January 31, 2007
The Pew Internet & American Life Project just released a new report about tagging. The survey has found that “28% of Internet users have tagged or categorized content online such as photos, news stories or blog posts. On a typical day online, 7% of internet users say they tag or categorize online content. “
What is a tag?
According to Wikipedia, “a tag is a (relevant) keyword or term associated with or assigned to a piece of information (like picture, article, or video clip), thus describing the item and enabling keyword-based classification of information it is applied to.”
Who are the taggers?
According to the survey, “Taggers look like classic early adopters of technology. They are more likely to be under age 40, and have higher levels of education and income. Taggers are considerably more likely to have broadband connections at home, rather than dial-up connections. Men and women are equally likely to be taggers, while online minorities are a bit more likely than whites to be taggers.”
In addition, there is also an interesting interview with David Weinberger (co-author of the Cluetrain Manifesto). Asked “What started the current interest in tagging? He answers: “First, tagging lets us organize the vastness of the Web. Second, tagging is social.” He’s also working on a new book: Everything Is Miscellaneous: The Power of the New Digital Disorder
(found via David Weinberger’s blog)
What it means: Those numbers are definitely higher than I thought they would be. Ever since I started blogging (a short three months ago!), I’ve discovered the power of tags. Not only do tags help organize your content, they help others find your content through search engines or other sites like Technorati or Del.icio.us. Coming from the business directory (“Yellow Pages”) world, I believe the future marriage of taxonomy and tags (folksonomy) will create a much stronger online categorization system. As more and more people start tagging content, any web site owner with structured data needs to allow their users to tag the information. BTW, David’s book seems fascinating. I wonder if one of my readers has received an advanced copy and could comment on it?

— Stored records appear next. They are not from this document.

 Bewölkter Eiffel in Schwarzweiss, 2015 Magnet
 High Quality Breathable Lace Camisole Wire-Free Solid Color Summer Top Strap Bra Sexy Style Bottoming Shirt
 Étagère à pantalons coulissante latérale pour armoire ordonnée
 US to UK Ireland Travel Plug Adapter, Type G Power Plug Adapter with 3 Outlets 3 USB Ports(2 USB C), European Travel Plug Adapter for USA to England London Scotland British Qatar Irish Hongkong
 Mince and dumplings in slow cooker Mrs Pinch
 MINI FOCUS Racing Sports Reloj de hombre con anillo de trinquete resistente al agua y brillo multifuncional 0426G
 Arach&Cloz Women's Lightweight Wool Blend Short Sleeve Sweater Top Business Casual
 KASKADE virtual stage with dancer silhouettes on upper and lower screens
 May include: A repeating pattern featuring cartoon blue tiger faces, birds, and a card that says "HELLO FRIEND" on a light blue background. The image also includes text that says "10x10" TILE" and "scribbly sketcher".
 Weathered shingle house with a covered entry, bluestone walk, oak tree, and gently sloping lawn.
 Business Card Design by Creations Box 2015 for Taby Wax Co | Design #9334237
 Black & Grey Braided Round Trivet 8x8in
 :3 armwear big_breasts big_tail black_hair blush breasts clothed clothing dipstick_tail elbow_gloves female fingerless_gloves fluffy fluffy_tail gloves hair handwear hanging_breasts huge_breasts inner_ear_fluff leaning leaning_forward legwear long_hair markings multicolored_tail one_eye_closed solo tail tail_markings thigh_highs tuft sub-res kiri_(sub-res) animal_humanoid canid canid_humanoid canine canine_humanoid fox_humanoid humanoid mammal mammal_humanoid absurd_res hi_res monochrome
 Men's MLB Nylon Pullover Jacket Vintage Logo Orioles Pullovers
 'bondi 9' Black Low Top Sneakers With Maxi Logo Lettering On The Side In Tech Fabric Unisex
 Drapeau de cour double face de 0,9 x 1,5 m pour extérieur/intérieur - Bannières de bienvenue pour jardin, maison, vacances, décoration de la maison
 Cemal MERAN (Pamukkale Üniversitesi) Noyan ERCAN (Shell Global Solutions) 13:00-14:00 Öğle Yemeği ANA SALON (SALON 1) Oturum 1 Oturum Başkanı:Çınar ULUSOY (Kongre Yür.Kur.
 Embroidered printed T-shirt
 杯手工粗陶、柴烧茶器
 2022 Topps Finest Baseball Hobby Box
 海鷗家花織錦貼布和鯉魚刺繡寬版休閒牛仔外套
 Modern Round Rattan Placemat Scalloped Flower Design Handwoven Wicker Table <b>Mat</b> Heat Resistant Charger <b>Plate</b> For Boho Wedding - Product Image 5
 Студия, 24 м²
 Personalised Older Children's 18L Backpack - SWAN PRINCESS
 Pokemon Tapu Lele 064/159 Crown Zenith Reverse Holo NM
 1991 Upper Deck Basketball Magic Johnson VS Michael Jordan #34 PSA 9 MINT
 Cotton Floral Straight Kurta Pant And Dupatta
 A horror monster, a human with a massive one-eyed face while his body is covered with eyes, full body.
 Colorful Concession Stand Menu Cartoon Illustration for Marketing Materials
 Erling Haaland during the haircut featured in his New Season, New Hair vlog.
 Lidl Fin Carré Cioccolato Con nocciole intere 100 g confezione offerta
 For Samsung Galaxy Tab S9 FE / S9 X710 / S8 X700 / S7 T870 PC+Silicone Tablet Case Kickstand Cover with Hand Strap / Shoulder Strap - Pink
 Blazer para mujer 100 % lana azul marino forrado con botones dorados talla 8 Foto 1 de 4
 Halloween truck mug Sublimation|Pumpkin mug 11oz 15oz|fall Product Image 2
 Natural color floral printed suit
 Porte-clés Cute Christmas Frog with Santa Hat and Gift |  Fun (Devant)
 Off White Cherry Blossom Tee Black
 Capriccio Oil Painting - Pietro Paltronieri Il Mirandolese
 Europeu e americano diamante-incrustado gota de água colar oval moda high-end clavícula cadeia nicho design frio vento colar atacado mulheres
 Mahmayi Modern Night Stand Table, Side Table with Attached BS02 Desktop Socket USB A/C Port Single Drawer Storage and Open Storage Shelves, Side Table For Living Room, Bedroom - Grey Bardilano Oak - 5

“…over the past few weeks, I’ve found myself more and more thinking that if you want to go beyond Google as a search marketer, the other search engines that matter first are the “social media search engines.” After them come the other major general purpose search engines like Yahoo, Microsoft and Ask.”
“Search marketers should tap into search engines — and that includes the social media search engines. Neil Patel’s Forget ABCs – The Social Media Alphabet Is DNRS (…) is an excellent introduction to some of these players, for those not up on social media search engines and social media optimization. (…) They are traffic powerhouses you can’t ignore.”
What it means: Wow! Social Media (Digg, Techmeme, Del.icio.us, possibly MySpace, etc.) are now considered to be the second biggest source of traffic after Google for certain types of sites (news, blogs, etc.). Which means Social Media Optimization (discussed in the Praized blog in November) should now be a key element of your traffic strategy. Are you properly leveraging these sites?
December 19, 2006
“The premise (of social search) is that the next big thing is to harness the power of communities to generate more relevant search recommendations.”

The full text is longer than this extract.